» What you should do: From the listing below, give again exactly the lines from the line with "If you find" to the line with "Siri can now", ends included, without any pictures.
*** Opening Records shown ***
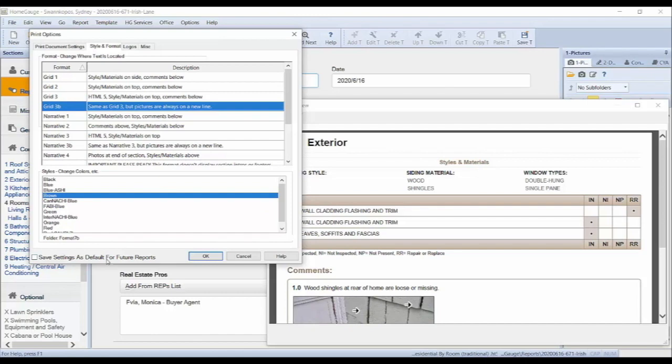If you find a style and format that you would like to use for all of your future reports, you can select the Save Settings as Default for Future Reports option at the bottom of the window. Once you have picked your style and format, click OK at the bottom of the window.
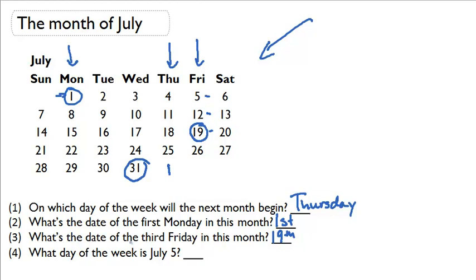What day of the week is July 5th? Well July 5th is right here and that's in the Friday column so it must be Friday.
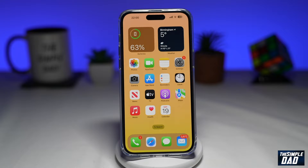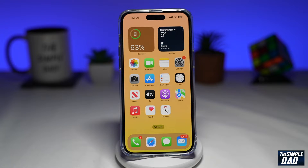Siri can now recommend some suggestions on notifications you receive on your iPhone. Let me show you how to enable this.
*** Closing Records shown ***
*** Opening Records shown ***
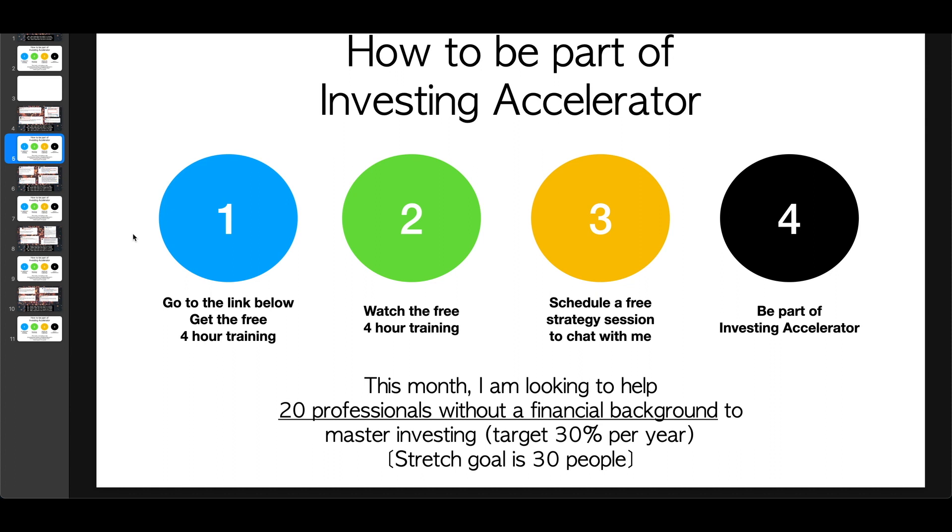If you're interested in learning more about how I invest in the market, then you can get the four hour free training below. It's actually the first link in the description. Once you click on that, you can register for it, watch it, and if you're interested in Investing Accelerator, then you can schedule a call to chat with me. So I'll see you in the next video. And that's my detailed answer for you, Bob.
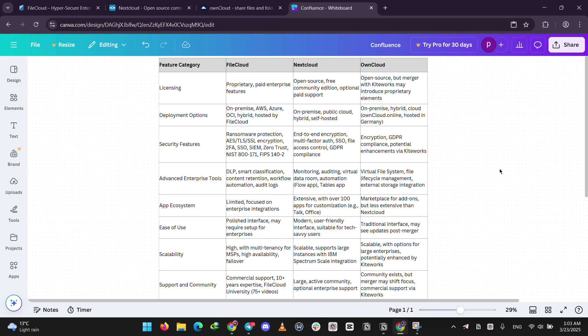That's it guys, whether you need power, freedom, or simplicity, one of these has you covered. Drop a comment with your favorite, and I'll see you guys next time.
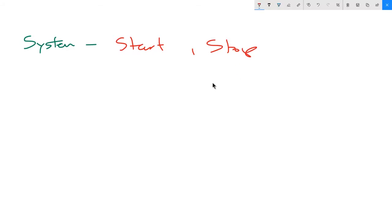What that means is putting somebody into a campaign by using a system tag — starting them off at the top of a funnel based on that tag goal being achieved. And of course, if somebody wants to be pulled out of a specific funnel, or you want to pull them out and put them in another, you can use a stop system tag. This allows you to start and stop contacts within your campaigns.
*** Closing Records shown ***
*** Opening Records shown ***
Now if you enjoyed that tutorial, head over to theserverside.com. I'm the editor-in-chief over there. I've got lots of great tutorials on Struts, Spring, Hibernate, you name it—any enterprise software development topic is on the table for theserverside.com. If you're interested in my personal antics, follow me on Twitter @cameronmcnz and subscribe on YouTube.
*** Closing Records shown ***
» Written response:
If you find a style and format that you would like to use for all of your future reports, you can select the Save Settings as Default for Future Reports option at the bottom of the window. Once you have picked your style and format, click OK at the bottom of the window.
What day of the week is July 5th? Well July 5th is right here and that's in the Friday column so it must be Friday.
Siri can now recommend some suggestions on notifications you receive on your iPhone. Let me show you how to enable this.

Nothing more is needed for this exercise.